Era muito engraçado, um trio de paraenses atravessando o centro antigo do Rio, contando piadas e rindo discretamente. Tenho muitas saudades desse tempo, do Haroldo, que quando faleceu eu ainda estava em Portugal, e até hoje recordo como a notícia me abalou no meio do verão sufocante lusitano. O resultado está num poema deste livro, o "Pertença". O mesmo aconteceu quando soube do falecimento do Benedito e do Max. Escrevi uma rememoração sobre o Haroldo e sobre o Max que o Elias Pinto teve a amabilidade de publicar no Diário do Pará. 

Holofote Virtual: O que mais te impressiona em Benedito Nunes? 

Jorge Bastos: Quando mudei para Portugal, em 89, levei toda minha biblioteca.

Os livros do Benedito me acompanharam, e acompanharam todo meu desenvolvimento como jornalista, função que assumi por quatro anos após aterrissar em Portugal. O Benedito foi um ser admirável, um ensaísta completo e dos mais estimulantes que surgiu no pensamento brasileiro, e não só. Seus estudos sobre Clarice, Cabral e Guimarães Rosa nortearam minhas indagações. Mas há um livro sobre o qual me debrucei vezes sem conta, o estudo profundíssimo sobre Heidegger, o Passagem para o Poético.

Tenho acompanhado junto ao Victor o seu trabalho de reedição da sua obra. É um trabalho que o Benedito iria se orgulhar. Mas acho que, como paraense, seu amor pela terra, e a decisão de nunca sair de lá (embora viajasse muito) são fatores que todos deveriam saudar.

Holofote Virtual: Quais trabalhos editorias você já realizou? 

Jorge Bastos: São vários livros, de Herberto Helder a O. Henry, traduzido por Fernando Pessoa, antologia da poesia brasileira, o Macunaíma, do Mário de Andrade, obras que publiquei no Brasil e em Portugal. Sem contar o trabalho editorial propriamente dito, e que está nos catálogos de editoras como a Martins/Martins Fontes. Quando voltei para o Brasil, trouxe três inéditos que só agora começo a publicar. 

Holofote Virtual: Como será a divulgação de Hemorragia. Pretende lançá-lo em Belém? 

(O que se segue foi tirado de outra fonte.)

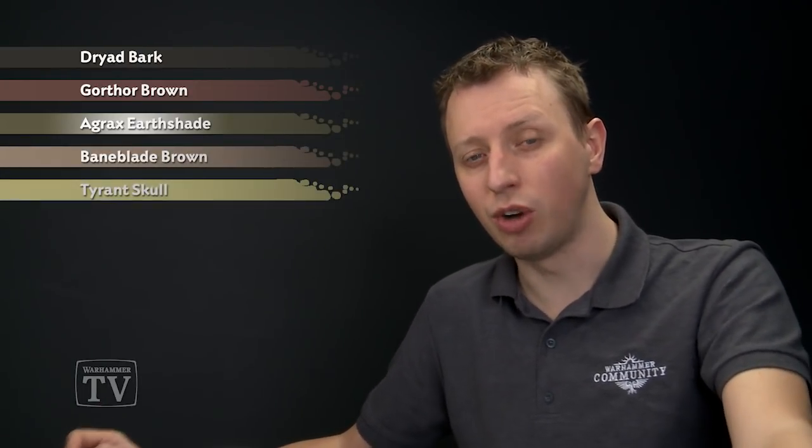To start out with we're going to base coat all the pelt using Dryad Bark, and then we're going to start roughly painting in our pattern using Gorthor Brown. After this we'll shade all over the pelt with Agrax Urshade and then build on that pattern with Baneblade Brown. Finally we're going to add some Tyrant Skull to drybrush the pelt to really bring out the texture of the fur.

Jorge Bastos: Ainda não sei se lançarei em Belém, meu trabalho como editor, e num momento que enfrento um novo projeto, não me permitem ausentar-me de Sampa. Mas talvez mais para frente consiga uma surtida relâmpago, até para aproveitar e mostrar meu apoio ao Lúcio Flávio Pinto que está sendo perseguido de forma vil pela justiça paraense.